It is possible to determine which skater is "better" as long as a standard is established by a well-sampled interest groups. Though subjectivity is involved, the system (FINA rules) used for judging an Olympic diving contest is "transparent and easy to understand" according to Michel Balinski and Rida Laraki's Majority Judgment: Measuring, Ranking and Electing.
The difference between diving and skating, however, is that dives are judged as individual elements and a skating program is judged as a whole performance, a collection of elements and the transitional skating between elements, which is arguably more important than the elements themselves. (Without even getting into the question of artistry.)
I think that absolute scores assigned according to clearly defined (albeit complex) rules for the individual elements are similar to scoring for dives and can be considered transparent and easy to understand once everyone agrees on what the rules are and the values in the Scale of Values.
Yes, there will be some differences of opinions on GOEs and some gray areas on the level or underrotation calls, but the vast of the decisions will be straightforward and the vast majority will result in clear rankings of who was best, second best, etc., overall on elements.
Personal opinion about what
should be worth more is another story. Ultimately the rules and Scale of Values will enforce a consensus even though individuals will disagree with individual rules.
But then we get to the program components, which are purely qualitative and in some cases based on criteria that go well beyond the actual athletic and technical skills demonstrated.
I don't think it's merely a matter of voting for preferences, even under 6.0. The preferences are based on criteria on which there is general consensus, but with room for disagreement in close cases and in cases where one skater's areas of strength are weaknesses for another and vice versa.
Under IJS, the qualitative evaluations have to be quantified and turned into absolute numbers.
So even if everyone agrees that Skater C was better at skating skills, transitions, and choreography and Skater D was better at performance/execution and interpretation, if they can't agree on exactly
how much better each of the skaters was at her respective strengths, then different judges may end up with different rankings.
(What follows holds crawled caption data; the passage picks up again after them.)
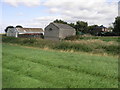 Greenhouses and Shed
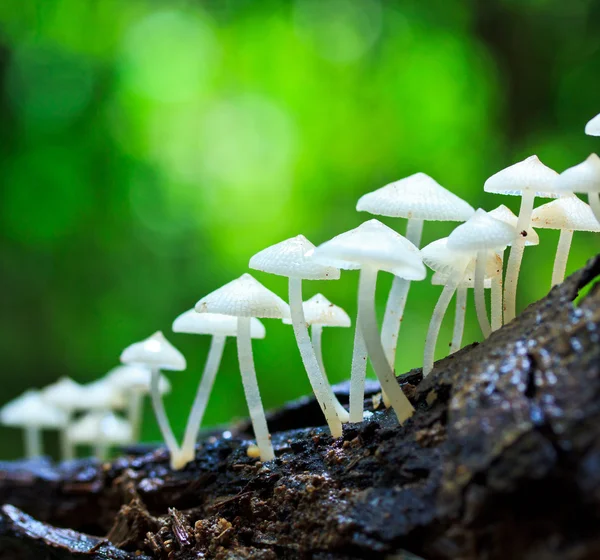 White mushrooms — Stock Photo, Image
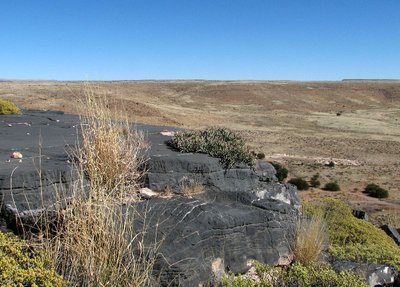 IMG_9667.jpg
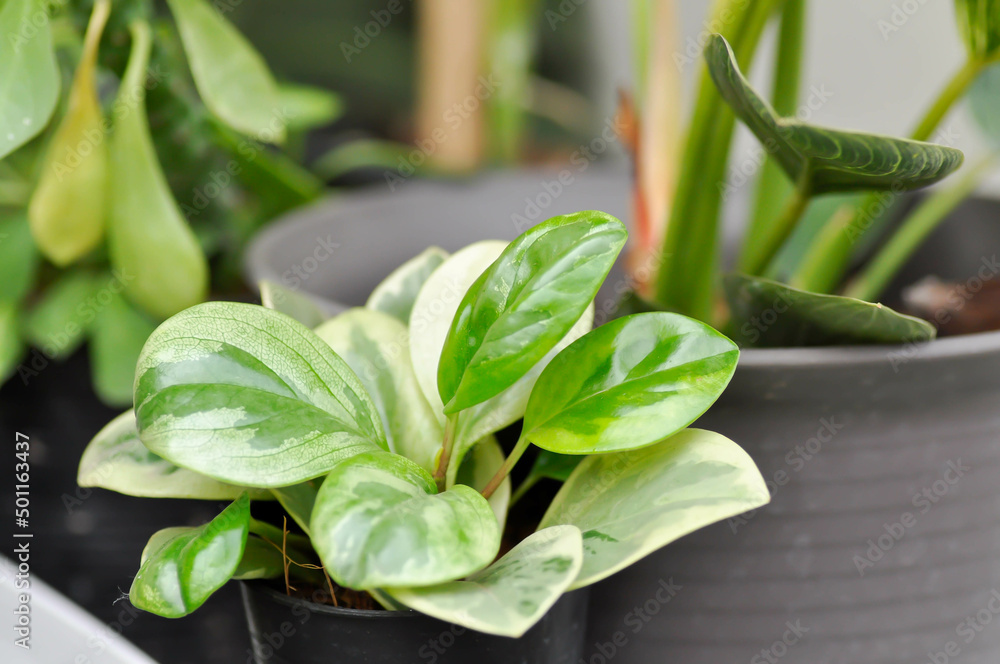Fototapeta premium Peperomia obtusifolia, Baby Rubber Plant or Pepper Face or PIPERACEAE.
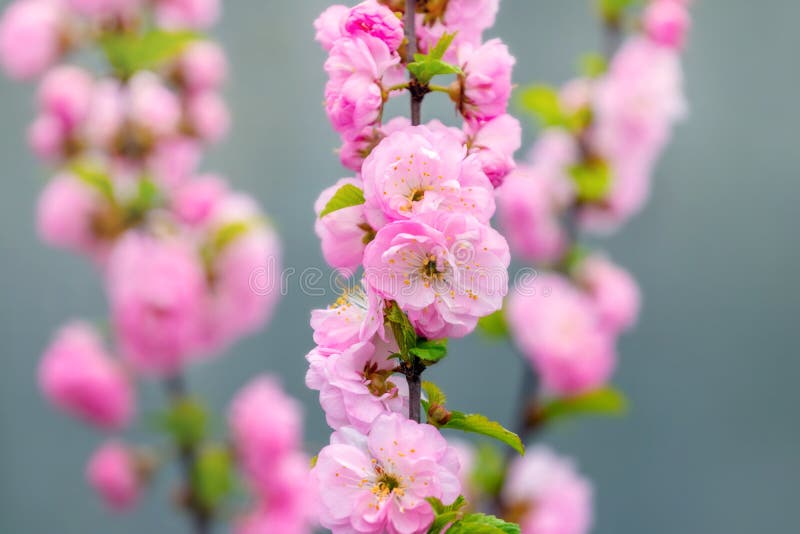 Sakurablomning. stora lush sakura-blommor på ett träd med mörk bakgrund i soligt väder royaltyfria bilder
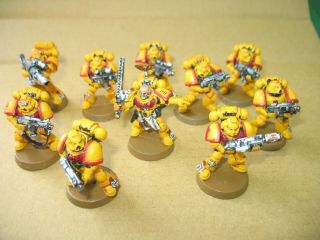 Space Marine Tactical Squad Painted Imperial Fists Warhammer 40k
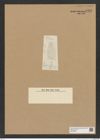 Diatomeae indet. Zeichnungen Sammlung Grunow Nr. 8950 (NHMW-BOT-W0378637)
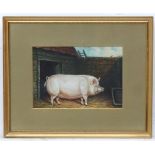 XX, Continental School, Oil on canvas laid on board, Portrait of a Pig.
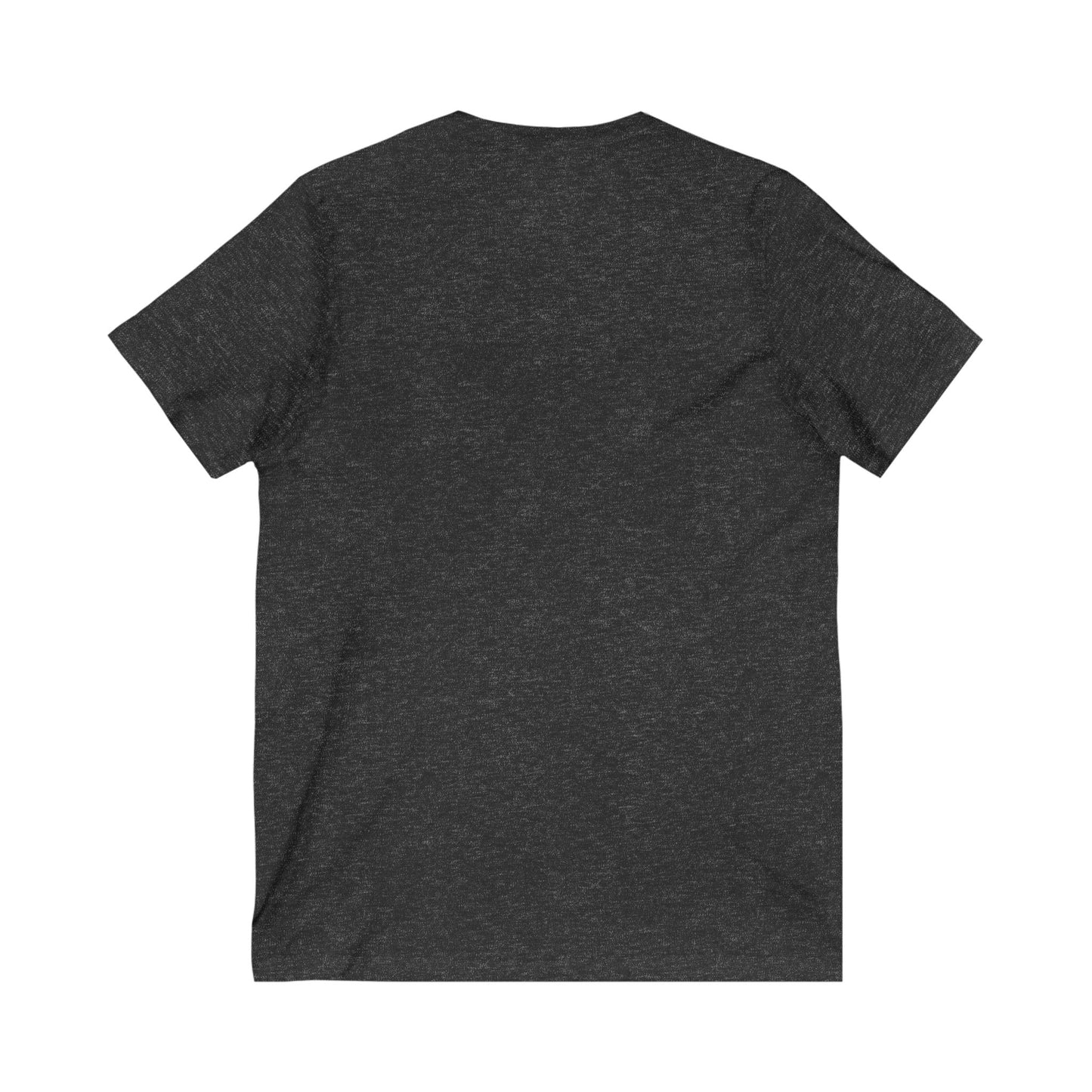 Vintage License Plate V-Neck Tee, Unisex Graphic T-Shirt, Casual Travel Apparel, Gifts for Travelers, Summer Outfit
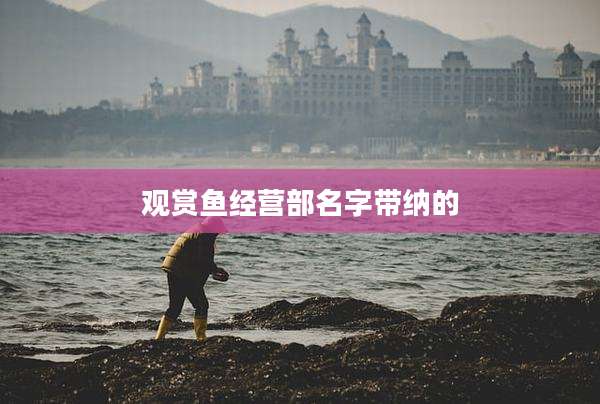 观赏鱼经营部名字带纳的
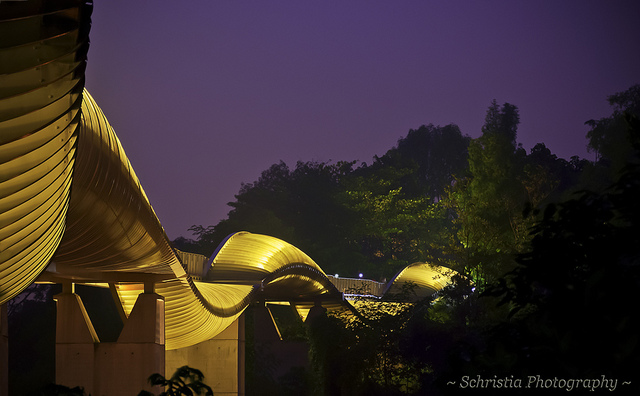 Henderson Wave Singapore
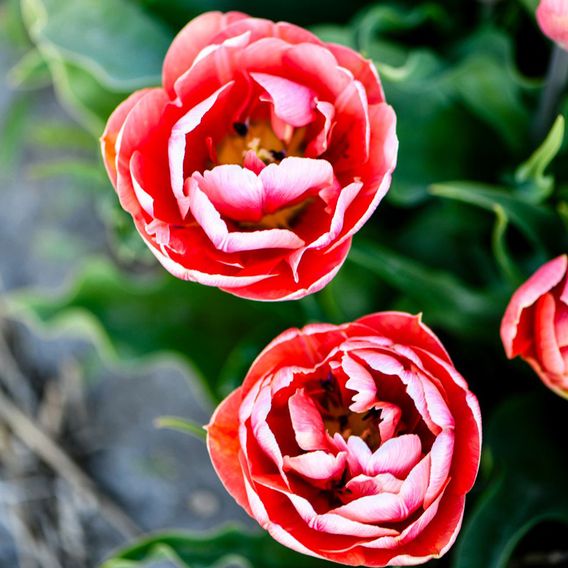 Tulip 'Copper Image'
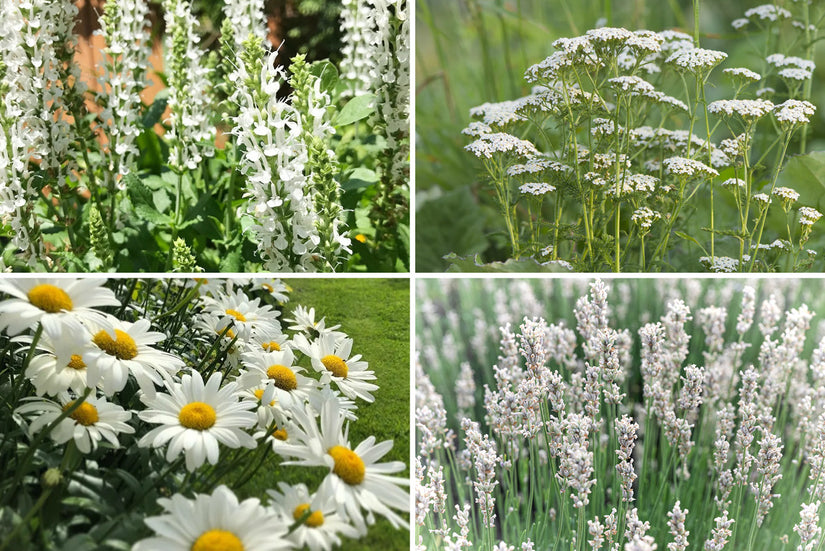 Beetpaket Evi - Mehrjähriges Pflanzenset mit bienenfreundlichen Gartenpflanzen - Weiß - Sonne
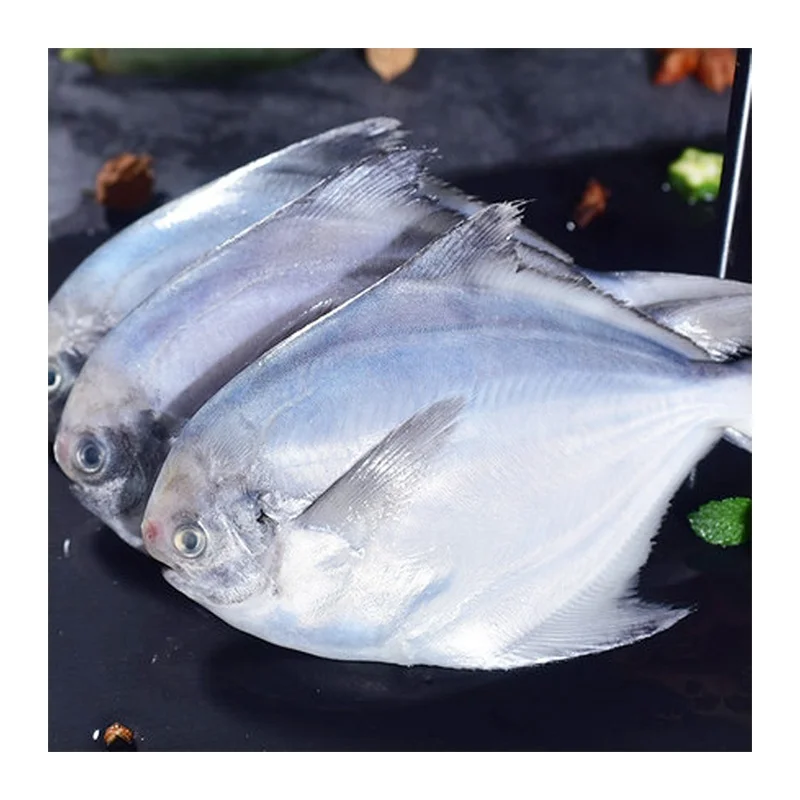 Good Quality Frozen Silver Pomfret Fish with Competitive Price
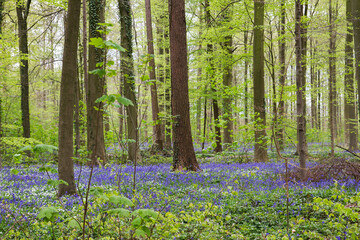 belgian woodland in spring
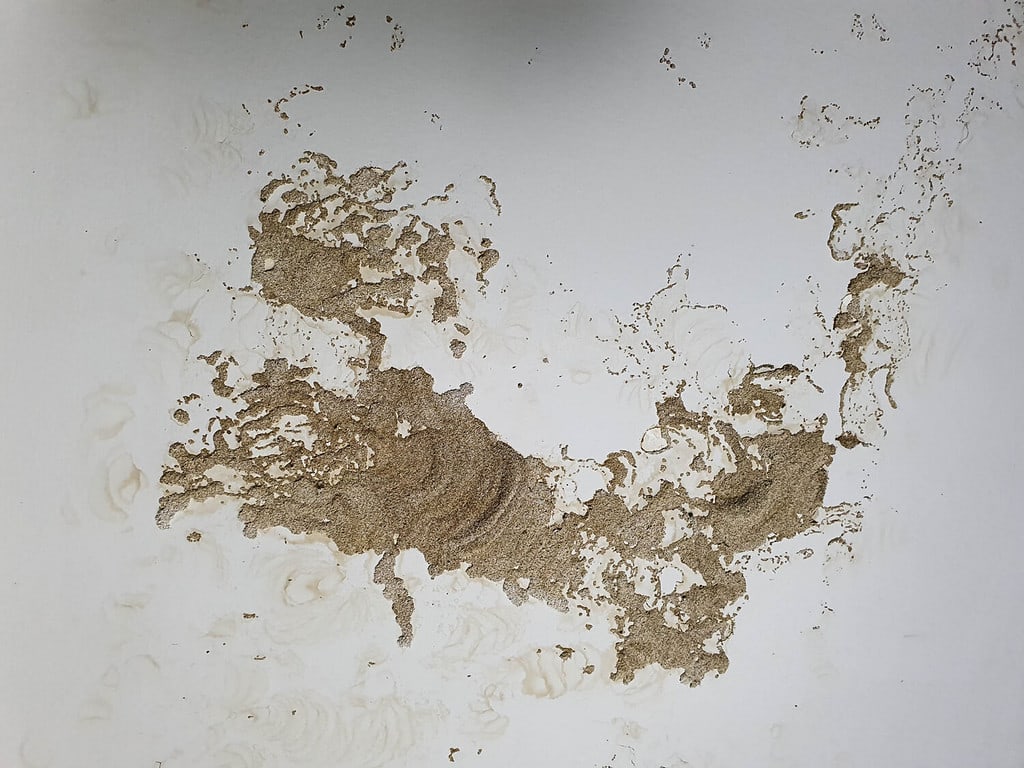 Termite nests on the ceiling of the house
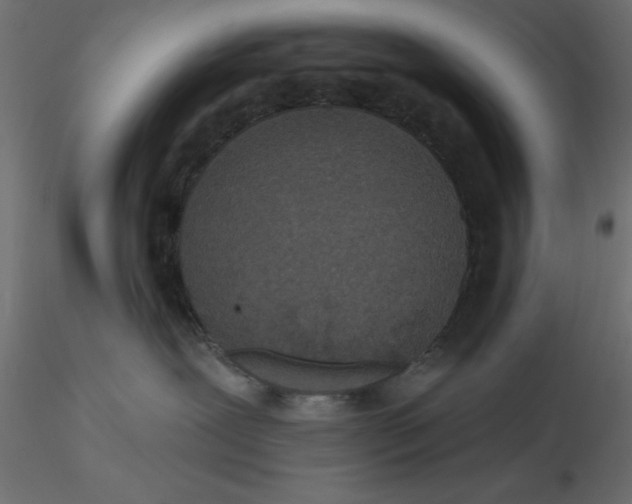 X0000116570239200912312000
When judges disagree with each other about who was best in one phase of competition, then the question is whether combining the disparate expert evaluations should use cardinal differences in absolute scores or ordinal differences in comparative rankings to produce the consensus result. There are potential problems and advantages with both approaches.
Same if there is unanimous agreement about each phase but the skaters reverse standings from one phase to the next -- should the margins of victory carried from the first phase to the second be based on the absolute score differences between skaters or between the number of other skaters who ranked between them?
Let me put it this way: Do you think figure skating is more of a sport or more of a beauty pageant or more of a piano contest or more of a dance competition? Sport ==> Measurement Theory. Beauty Pageant ==> Measurement Theory. Piano Contest ==> Measurement Theory. Dance competition ==> Measurement Theory. All four types of international competitions currently employ criterion-referenced measurements. None of them is based on preferential voting.
I can't speak for Mathman. I'd say skating is a sport with aspects of a dance competition layered on top.
I'm not familiar with the types of criterion-referenced measurements used in beauty contests or piano contests or dance competitions. Can you enlighten us at all?